Spring is in the air
And it sucks.
As the snow starts to melt, I remember that Raelyne never experienced the snow this year. Raelyne loved the snow. Not only does the spring represent another season that she will never get to experience but it also reminds me of the winter season we just lived without her. All the things that she missed. The memories we made without her. All the things that she would have loved.
I pulled the wagon to the park today with only one child. The wagon was 20 pounds lighter than it should have been. There was one less child to keep an eye on, ensuring they don’t jump out of the wagon. There was one less voice, jabbering away as we walked the streets. There was one lonely child alone, at the park, playing and missing her best friend. Her playmate. Her sister.

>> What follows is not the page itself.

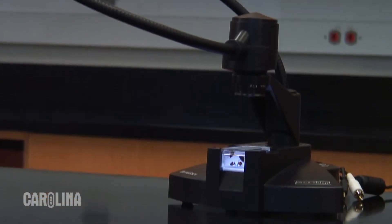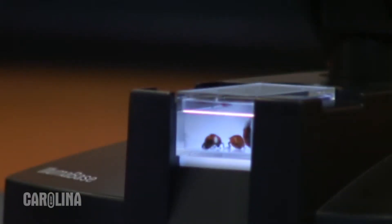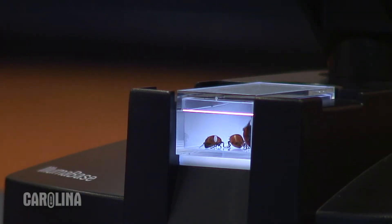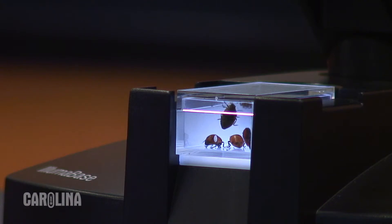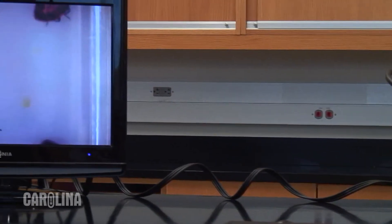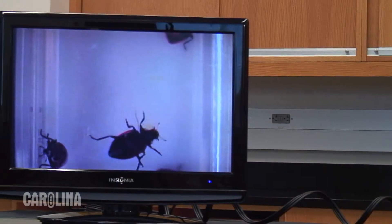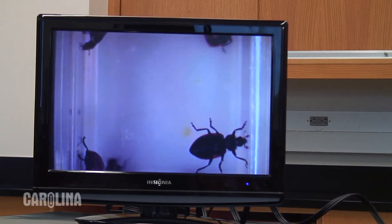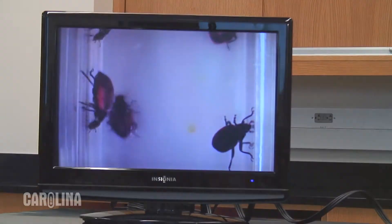The aluma base is a unique lighted specimen chamber that allows various lighting options. It evenly illuminates specimens from three sides, which is particularly useful when viewing small living creatures such as ladybugs and small spiders.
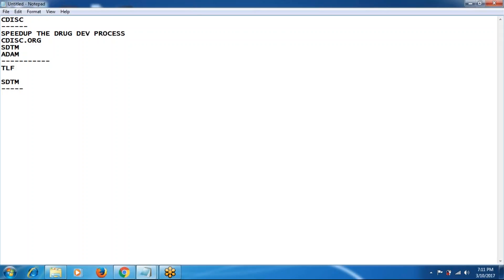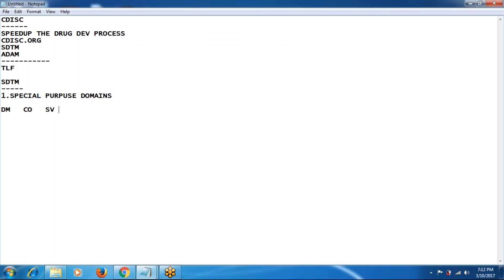The first category is special purpose domains. From screening to the end of the trial, you will be getting enormous data, so we have to manage the data properly according to CDISC standards. The special purpose domains contain some fixed domains: DM means demographic, CO means comments, SV means subject visits, and SE means subject elements. We will be dealing with four domains in the special purpose domains category.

As I walked to the park, pulling the wagon, all the memories of previous walks replayed again and again in my head. The walks that Raelyne and I took when I was on maternity leave. The walks we took when Khaleesia would come and visit. The walks we took once Khaleesia finally joined our family. The walks we took with the push car. The trike. The wagon. The stroller. Every walk was a joyous one. Full of smiles. Anticipation of the fun times to be had at the park. This one was too. But it was also full of sadness and tears, covered by smiles and sunglasses.
This is my new life.
The one where in each new moment, happiness and sadness co-exist. Where my chest is heavy and my heart hurts, while I smile and laugh. Where I try to focus on being in the moment with Khaleesia. Enjoying the time I get to spend with her and the adventures I get to give her. While mourning the adventures that I can no longer give to Raelyne. All the moments we are missing out on. All the adventures that Khaleesia and Raelyne should be enjoying together. And remembering all memories we were able to make with Raelyne. The fun times we had together. The adventures we went on. The goofy things she would do and the giggles and smiles Khaleesia and Raelyne would share.
My life is now learning how to live when happiness and sadness co-exist.
Allowing myself to feel both emotions and understanding that this is okay. It is okay to live in the moment with one daughter, while longing for the other. I don’t know if it will get any easier. I can’t see how it will, as there will always be a piece of my family missing. A huge piece. But for now, acknowledging the mixture of my feelings and allowing myself to feel them all, will have to be enough.